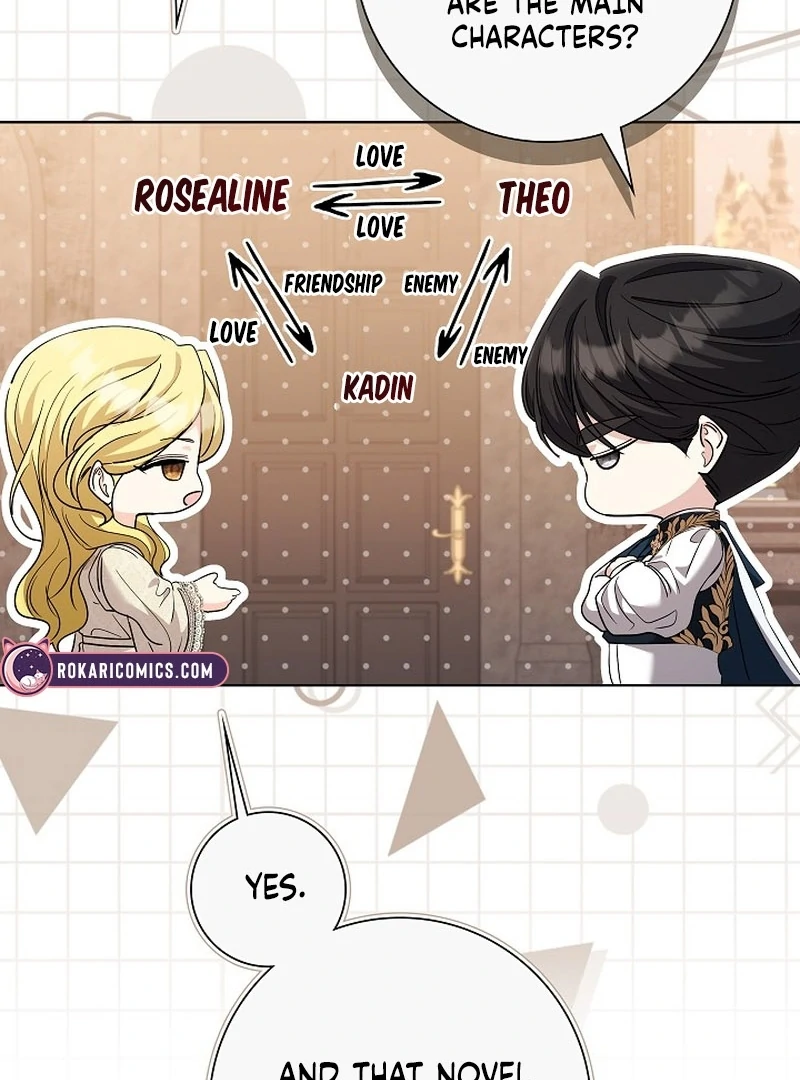 I Tried to Rewrite the Original Story, But Ended Up Seducing the Northern Grand Duke Chapter 29 - page 65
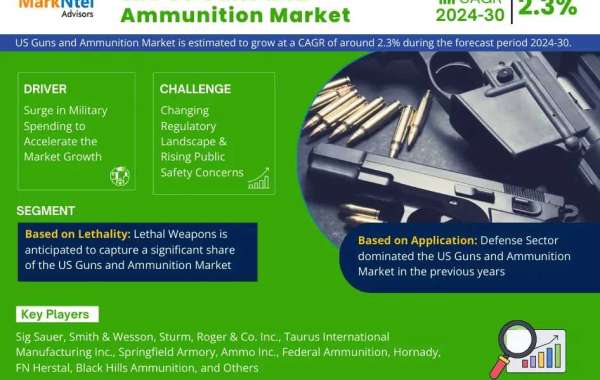 US Guns and Ammunition Market Expanding at a CAGR of 2.3% during 2024-2030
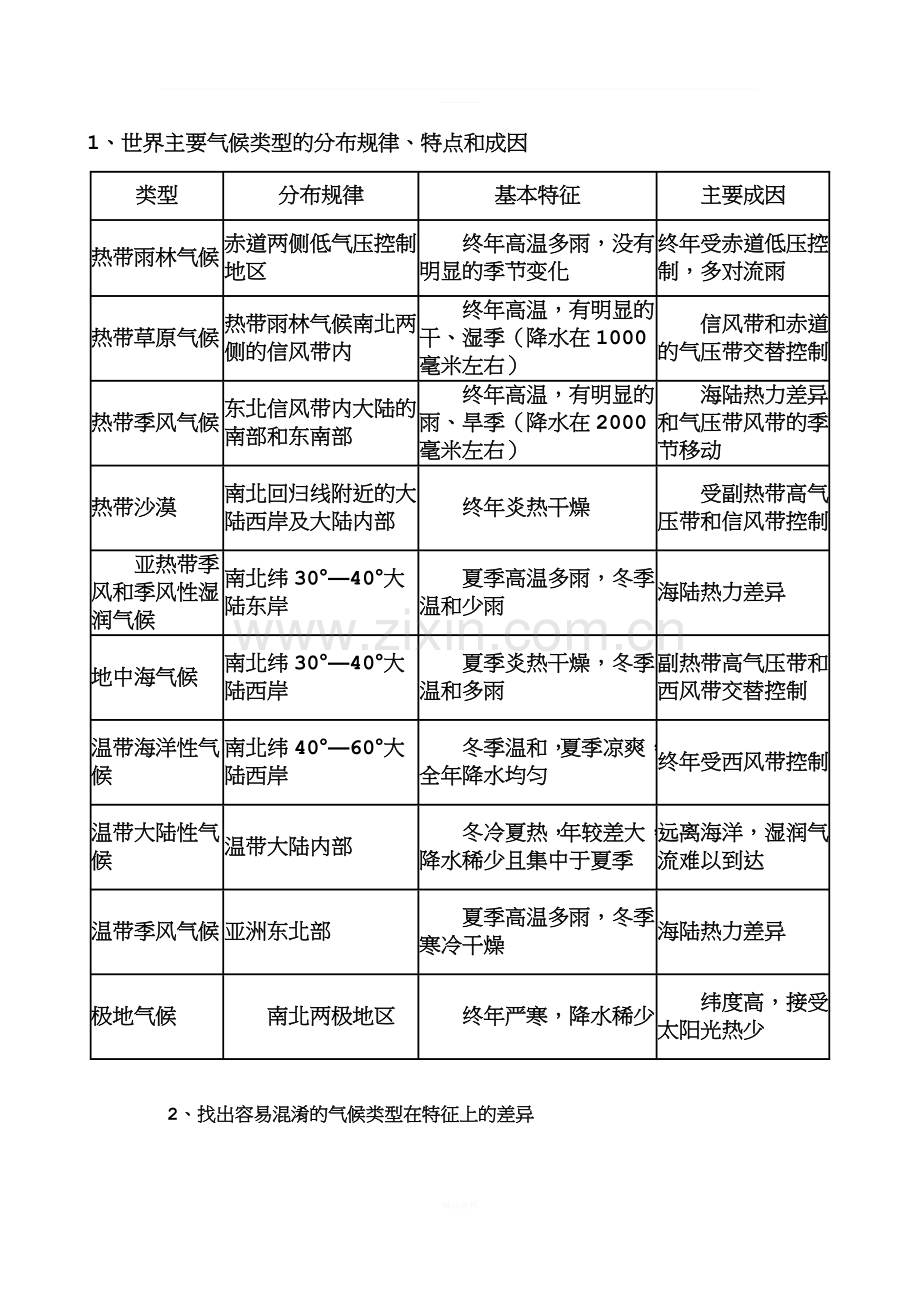 世界主要气候类型的分布规律、特点和成因(整理版).doc_第2页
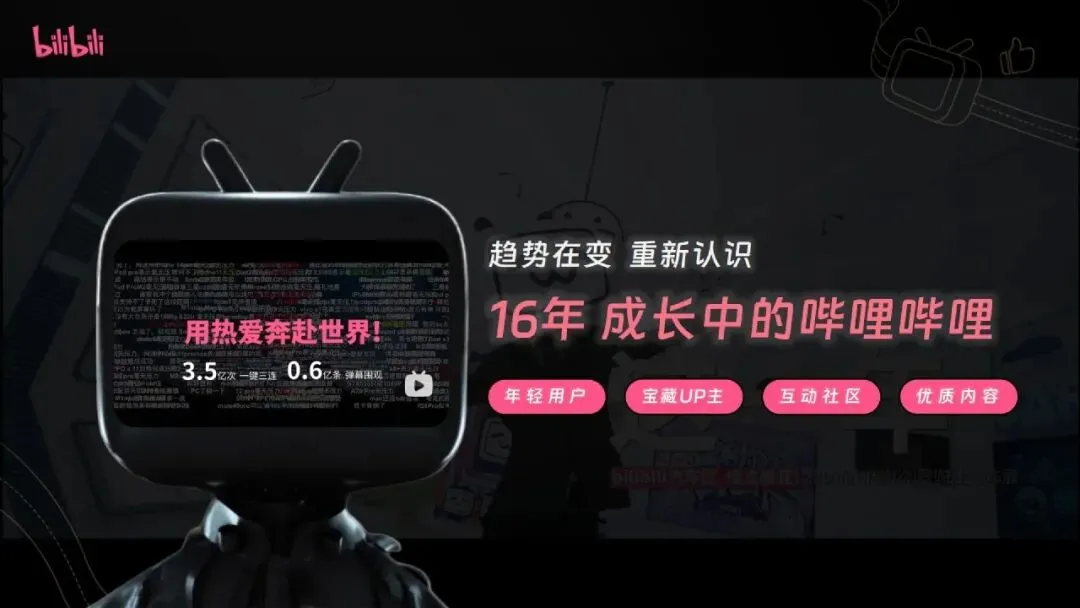 2026哔哩哔哩汽车行业营销手册 | 72页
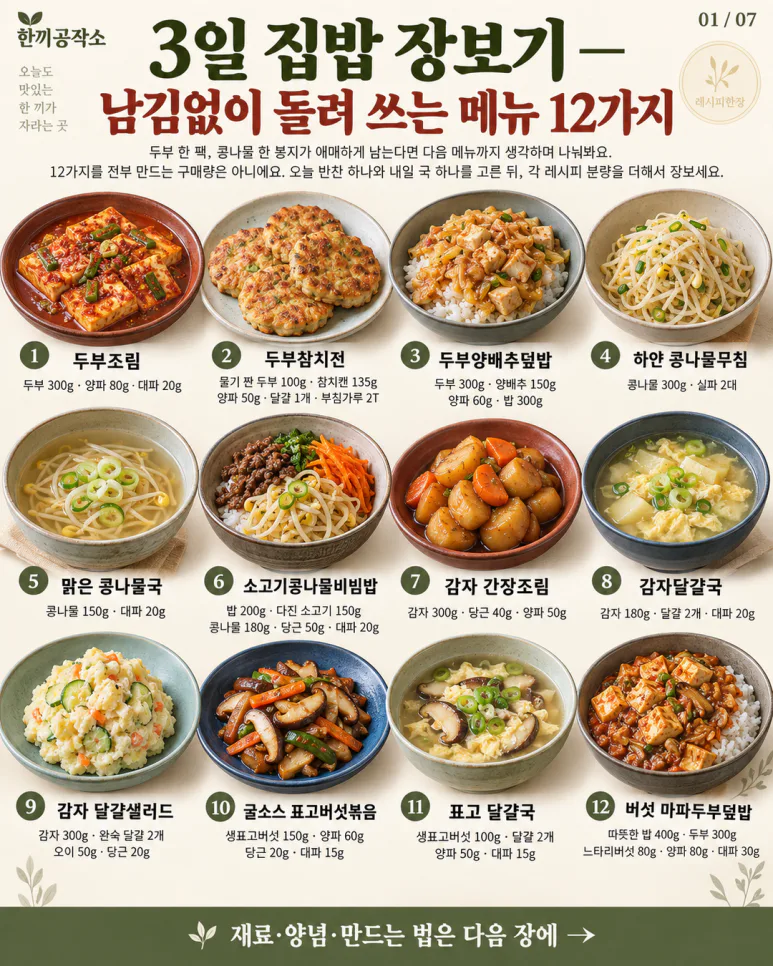 3일 집밥 장보기 — 남김없이 돌려 쓰는 메뉴 12가지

==============================

● Work item
Give back the entries verbatim. Do not include any picture.

● Result of this exercise
 I Tried to Rewrite the Original Story, But Ended Up Seducing the Northern Grand Duke Chapter 29 - page 65
 US Guns and Ammunition Market Expanding at a CAGR of 2.3% during 2024-2030
 世界主要气候类型的分布规律、特点和成因(整理版).doc_第2页
 2026哔哩哔哩汽车行业营销手册 | 72页
 3일 집밥 장보기 — 남김없이 돌려 쓰는 메뉴 12가지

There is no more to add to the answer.